Non-essential travel from the United States, and from other places, had been banned in the EU in the wake of the coronavirus pandemic to avoid further contagion. However, as vaccinations gather pace, the 27 EU ambassadors based in Brussels recommended on Wednesday that the region should allow non-essential travelers from eight new countries and territories.

These are the U.S., Albania, North Macedonia, Serbia, Lebanon, Taiwan, Macau and Hong Kong.

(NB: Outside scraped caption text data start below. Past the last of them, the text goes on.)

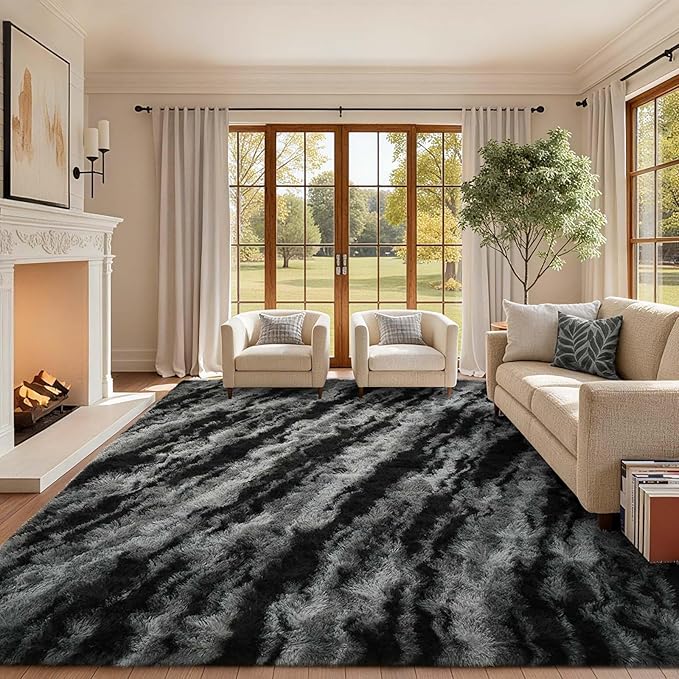 9x12 Ft Extra Large Shag Rugs for Living Room, Ultra Soft Fluffy Furry Area by Cuzwlovita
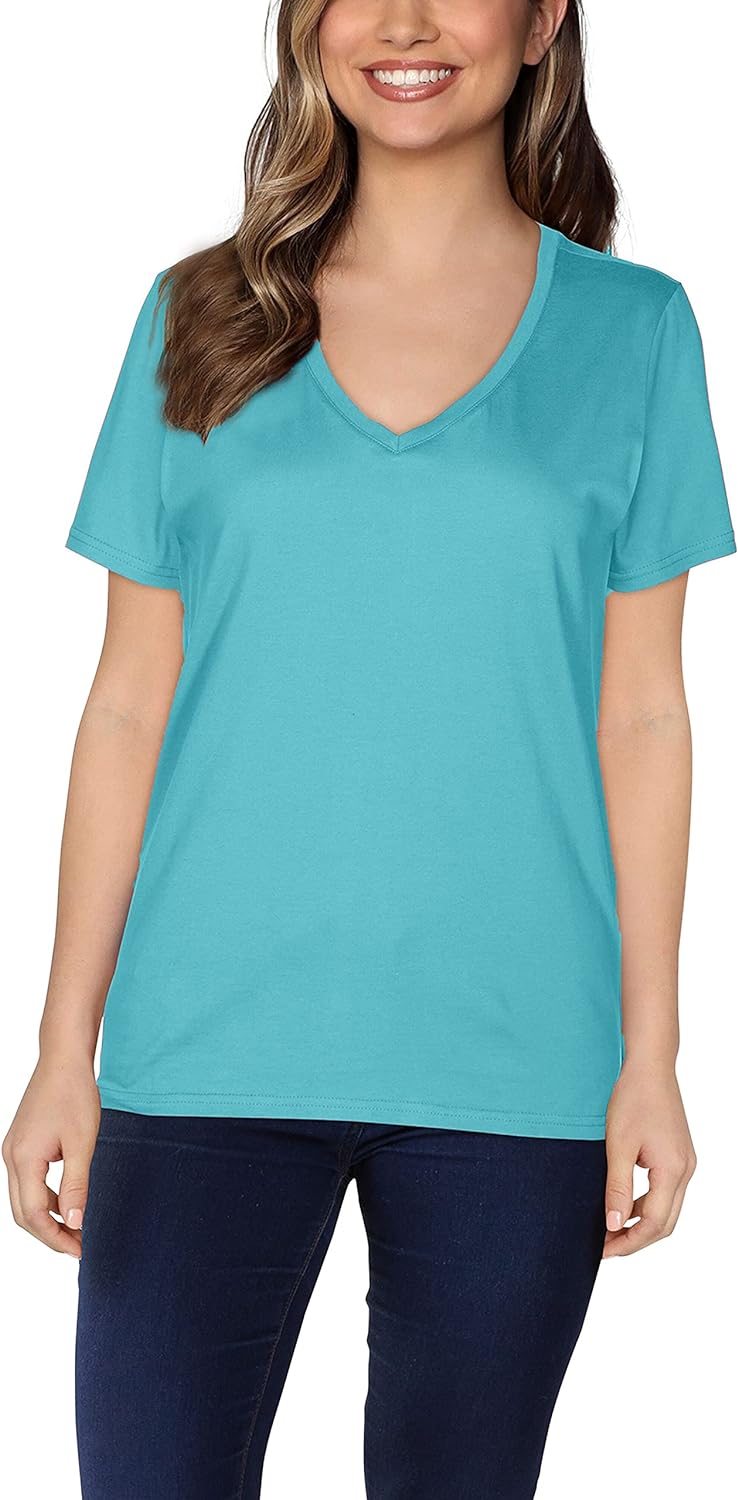 Fruit of the Loom Womens Crafted Comfort Pima Cotton Short Sleeve T-shirts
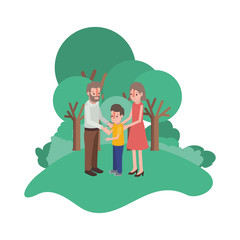 parents couple with son in field landscape isometric vector illustration design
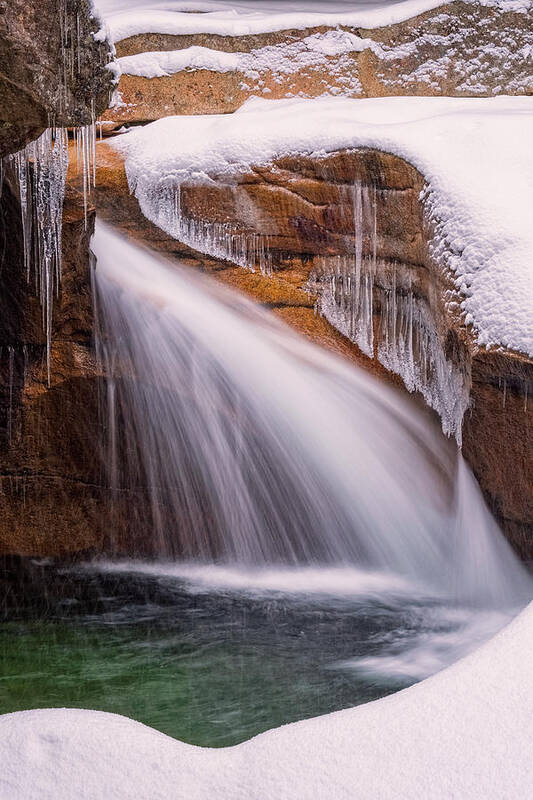 Franconia Notch Art Print featuring the photograph The Basin, Close Up In A Winter Storm by Jeff Sinon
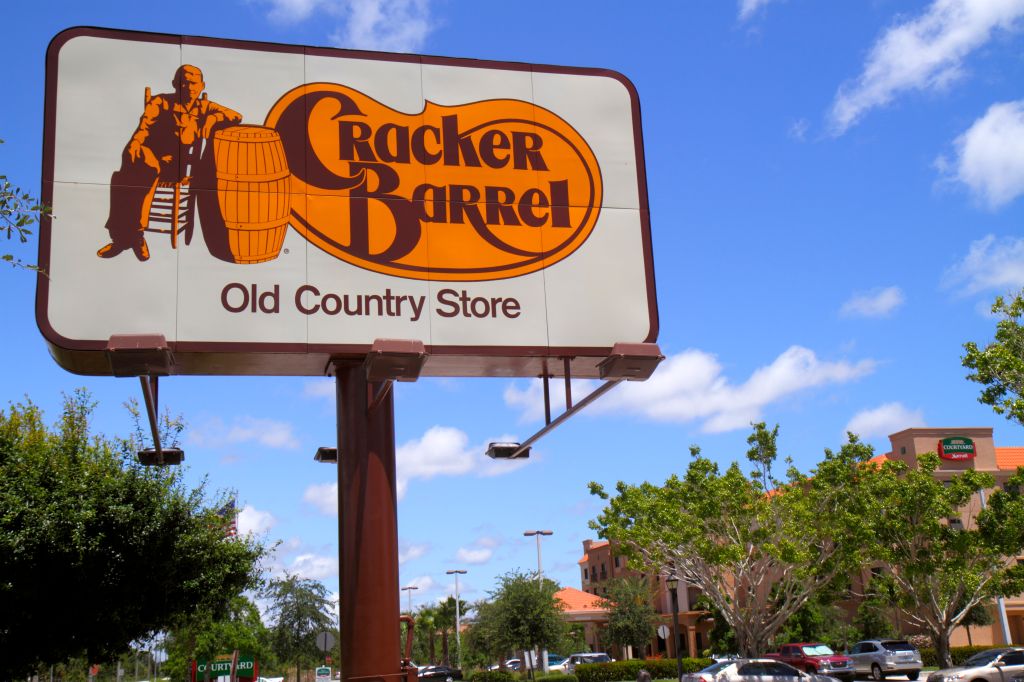 Cracker Barrel Restaurant sign.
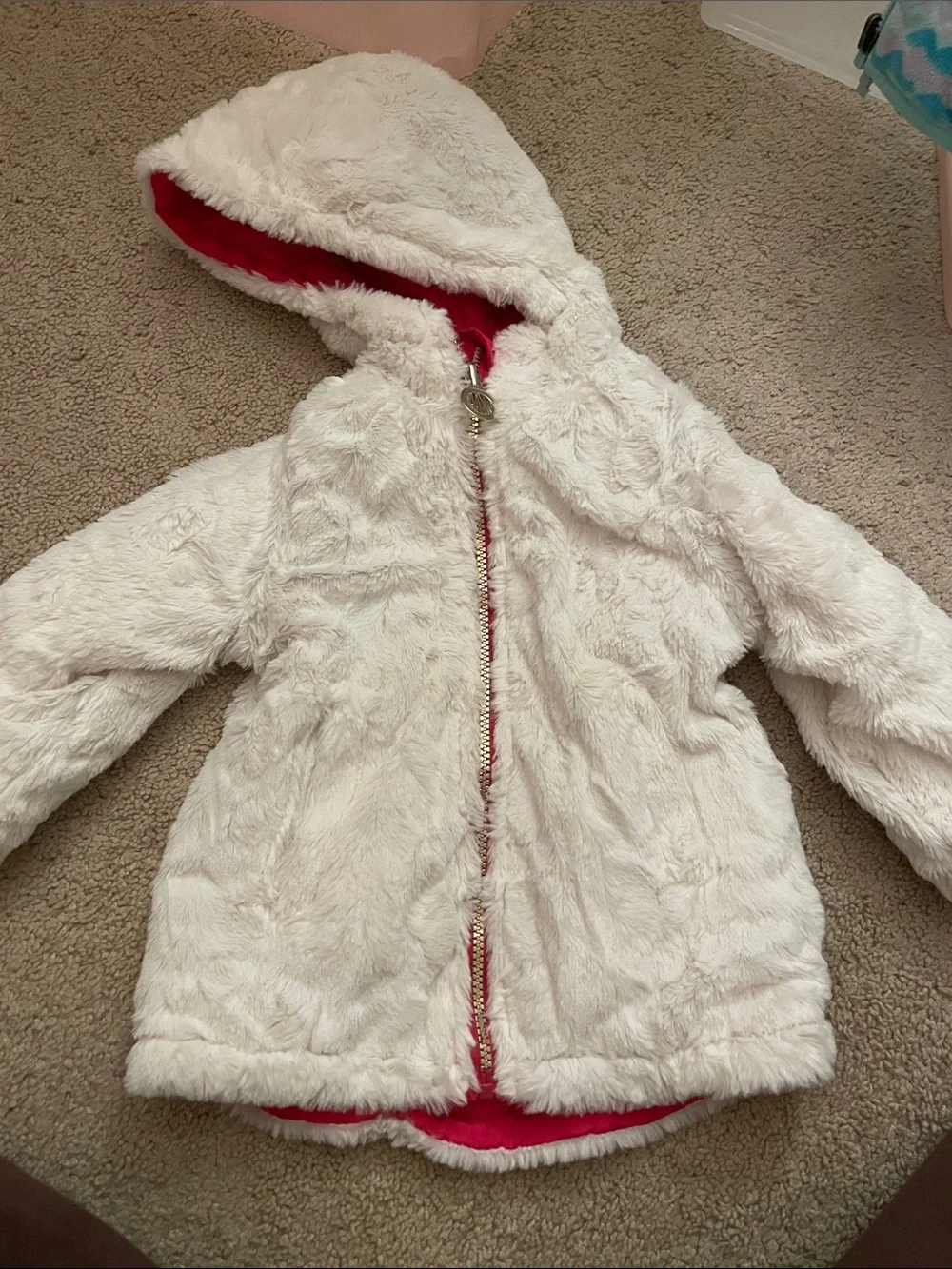 DKNY Girls' Bright Pink Reversible Hooded Quilted Puffer Coat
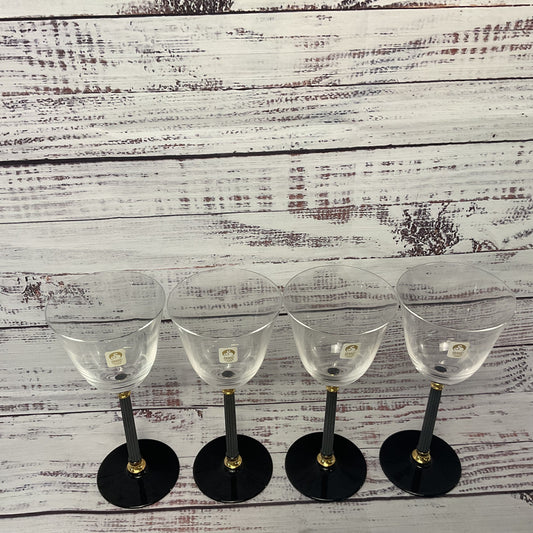 Sasaki Water/Wine Glasses Black Stem Base Gold Accents Set Of 4 2/3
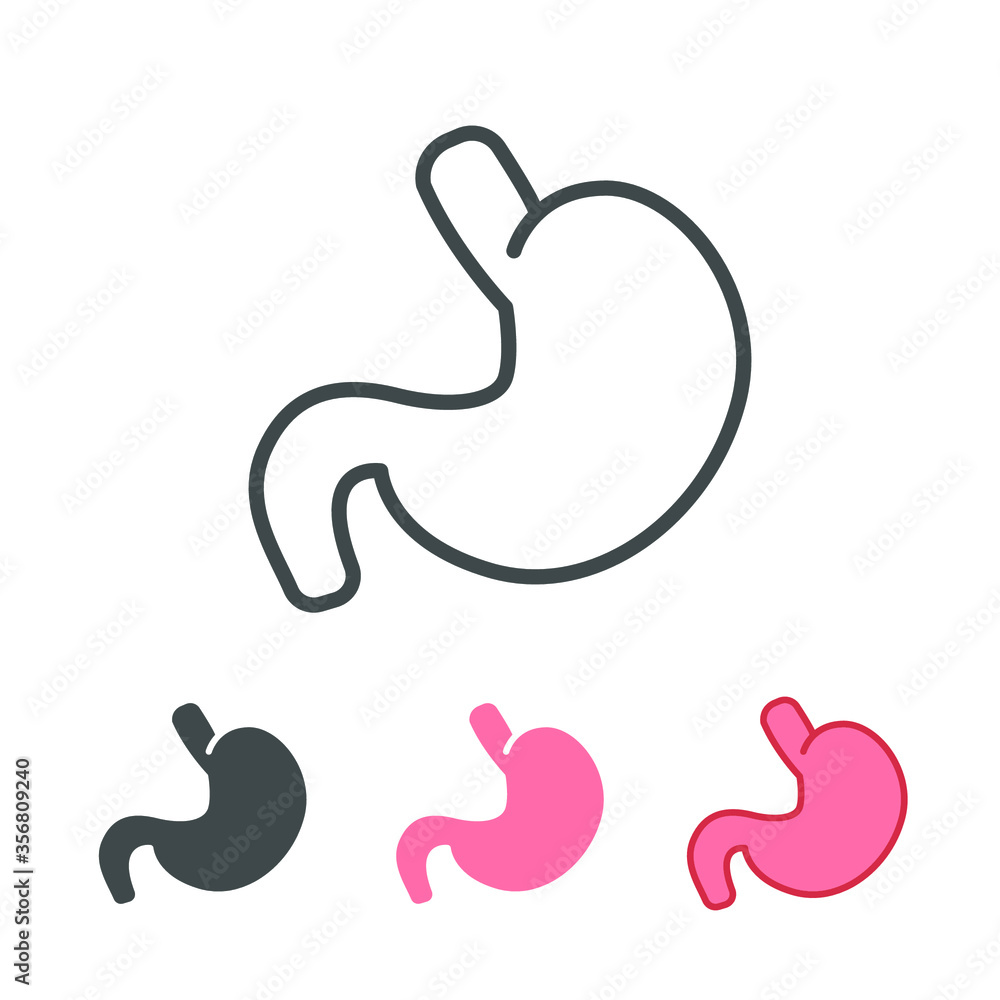 Human organ where food is digested. internal organ symbol in Digestive system anatomy. Inner Body part for medical infographic. Stomach icon. Vector illustration. Design on white background. EPS10 Human organ where food is digested. internal organ symbol in Digestive system anatomy. Inner Body part for medical infographic. Stomach icon. Vector illustration. Design on white background. EPS10
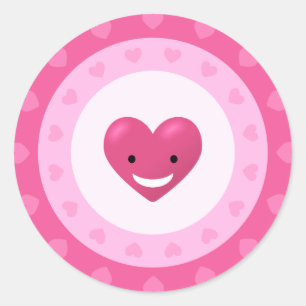 Pegatina Redonda Love Pink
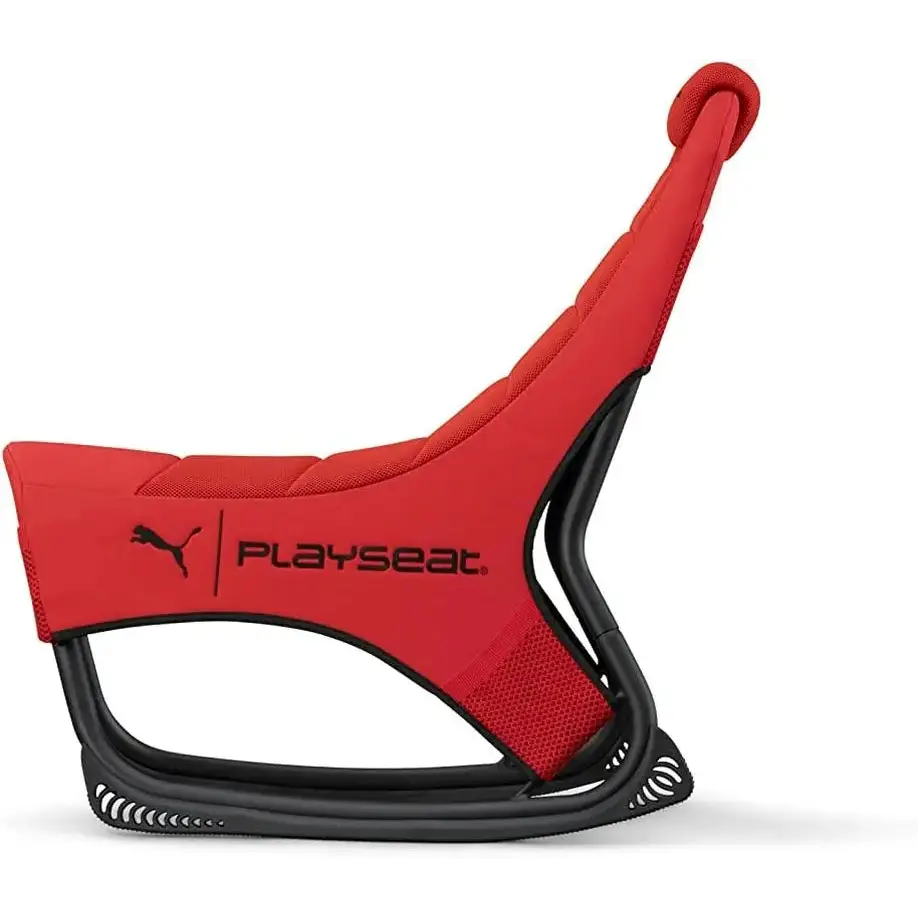Red and black puma playseat gaming chair with padded fabric upholstery.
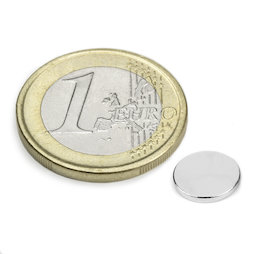 S-08-01-N, Disco magnético Ø 8 mm, alto 1 mm, neodimio, N45, niquelado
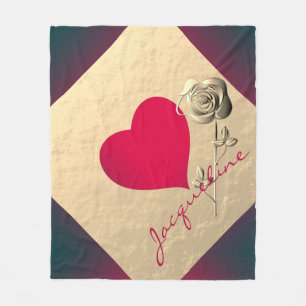 Simple Valentine Red Heart w/Rose Fleece Blanket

In an interview to the New York Times in April, European Commission President Ursula von der Leyen had said that fully vaccinated American tourists would be allowed to visit the bloc this summer.

But this new EU recommendation could go one step further in allowing U.S. tourists to visit with only a negative test, and avoid the need for a period of quarantine. It is now up to the individual EU countries to decide how they will implement the guidelines and allow tourists to enter. Travelers should confirm the rules on their intended destination before flying.

Wednesday’s recommendation at the EU level aims to coordinate the travel rules across the bloc and should be finalized in the coming days, following the national decisions from each member state.

UK omitted

One notable absence from the exemption list is the United Kingdom, where almost half of the population is currently fully vaccinated against the coronavirus.

One EU official, who did not want to be named due to the sensitivity of the subject, said non-essential travel from the U.K. remains banned “due to the delta variant.”

The U.K. government earlier this week delayed a plan to lift all coronavirus restrictions this month due to rising infections. A recent surge in the number of Covid-19 cases is linked to the delta variant first discovered in India, which is believed to be around 60% more infectious than previous strains of the virus.

The U.K. is now hoping that more vaccinations in the next four weeks will allow it to end all coronavirus measures on July 19.